Theatre Lab Company
All three plays of Aeschylus's trilogy are presented here trimmed to run in about two hours plus interval. This makes less of a demand on audiences than full versions such as Katie Mitchell's 1999 production of Ted Hughes's full text or Peter Hall's staging of Tony Harrison's translation (which could be seen all on the same day back in 1981) but it is inevitable that there are glories that are gone. Clever cutting has, however, succeeded in producing a tightened piece of drama without losing any essential elements of the story, which moves on at a considerable pace though still relishing the riches of the language.
The word tragedy comes from the Greek for "goat song" and music played an important part when these plays were originally performed in 458 BC, the choruses probably being danced and sung. Music makes an important contribution to Anastasia Revi's production, composed and played live by Daemonia Nymphe. This duo of Spyros Giasafakis and Evi Stergiou play a range of authentically reproduced ancient instruments such as the kitharis, lyre and varvitos as well as forms of percussion, providing a sonority that echoes fifth century Athens as well adding to the drama. But this production is in no way an attempt to recreate the style of a Periclean Dionysia; there are no masks or large chorus.
Designer Maria Konomis dresses it stylishly modern with a few antique touches and sets it on a green platform backed by a green wall across which runs a wide reflective silver stripe. There is no hieratic entrance point. Everyone must emerge around its sides but a sort of sentry box that hints at a classical skena can be pushed across the back becoming a moveable palace portal or shrine to house a goddess. That could be awkward, but director Anastasia Revi usually knows what she is doing when it comes to movement.
The audience is greeted by a stage already peopled with stationary figures, posed live waxworks until what could be a late member of the audience enters and disappears up the centre aisle, a cue for them to deliver a series of statements from individuals, quoting from the roles they play, which they repeat as an opening ritual before they leave and the play proper begins with Joe Robert Buckingham's Watchman kneeling centre stage, waiting as he has night upon night hoping for the sight of the beacon which will signal the Argives' return from Troy.
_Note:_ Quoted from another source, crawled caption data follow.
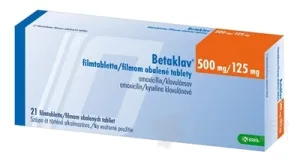 Betaklav 500 mg/125 mg filmom obalené tablety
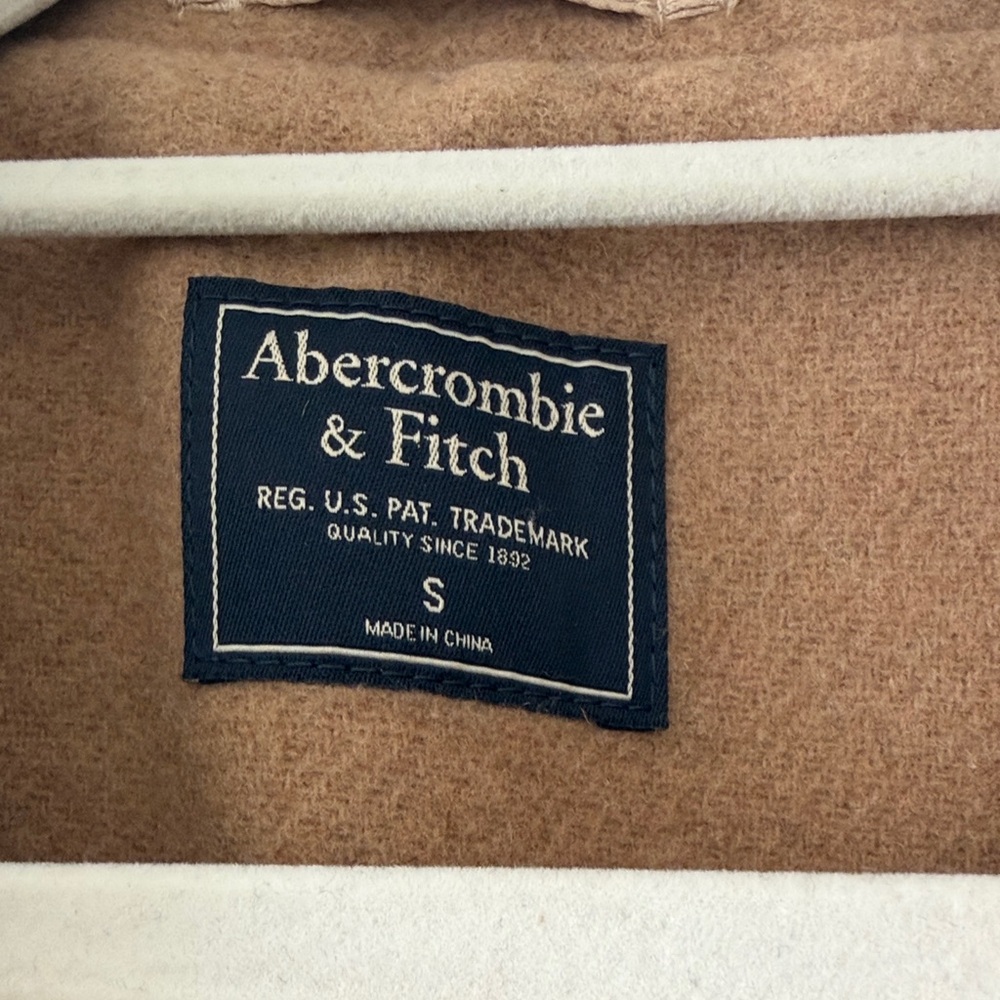 Abercrombie & Fitch Camel Trench Coat - Picture 2 of 7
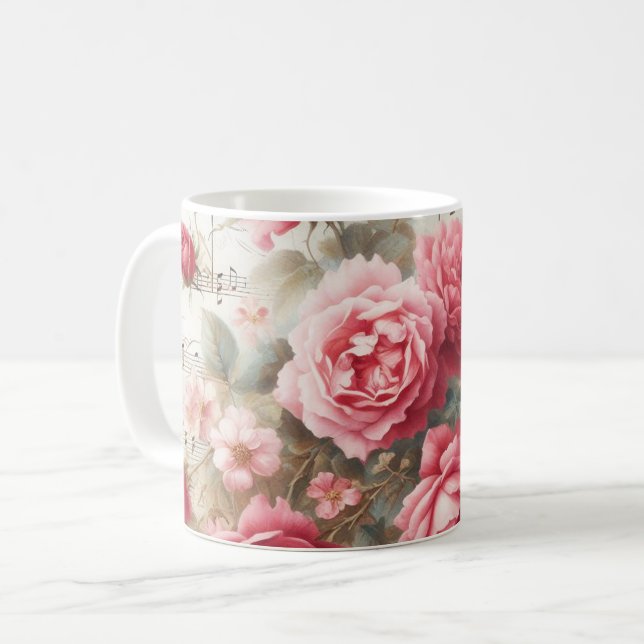 Ephemera cluster Roses Classic coffee Mug (Front Left)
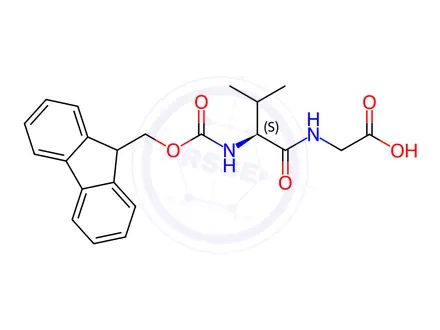 Chemical structure of Fmoc-Val-Gly-OH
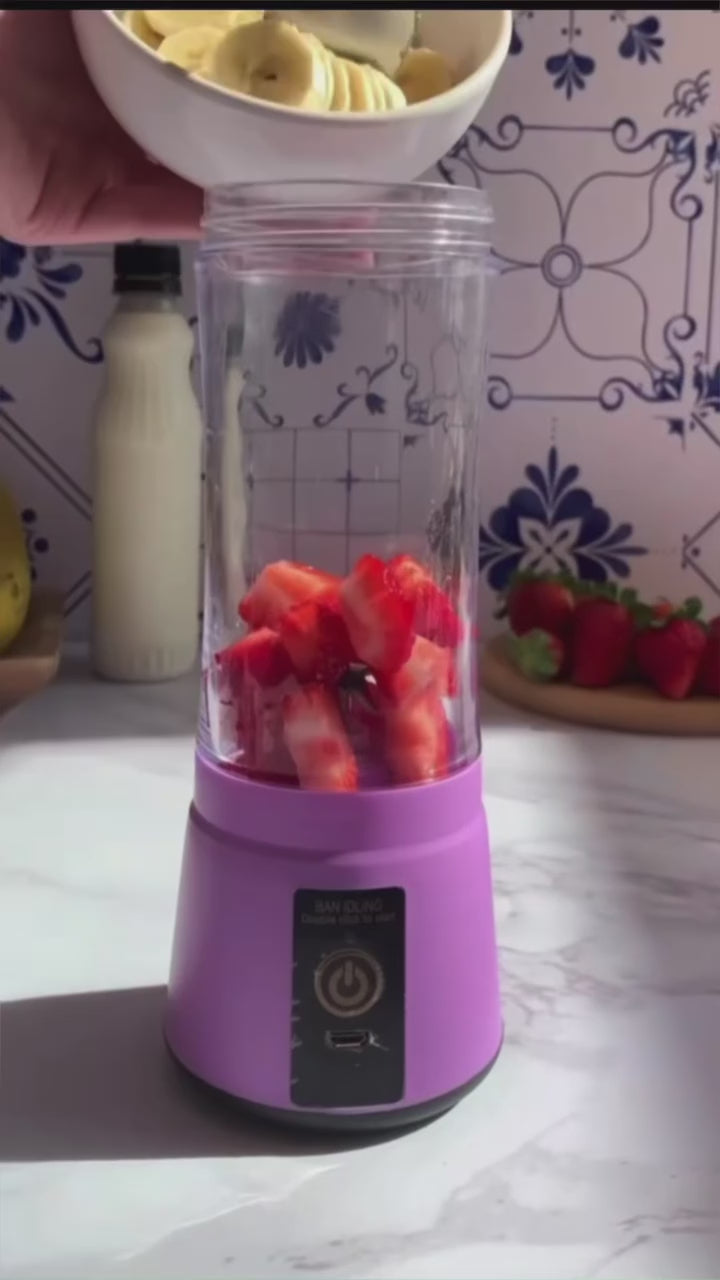 Portable Juicer Blender | USB Rechargeable | 6 Blades | 380ML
Like the barking dogs we can hear in the night around us, he delivers it full throttle, almost baying to the moon. A full bloodied start to a trilogy of plays that are steeped in gore as it follows the Atrides story of murders, human sacrifice and revenge killings through the generations. There is none of the classical restraint that kept such deeds offstage in ancient theatre. The back story of the sacrifice of Iphigenia to secure a favourable wind is not just retold by the chorus: Agamemnon speaks himself, we see the knife at his daughter's throat and when her mother Clytemnestra kills her returning father and his slave concubine, the Trojan prophetess Cassandra, it is in full view.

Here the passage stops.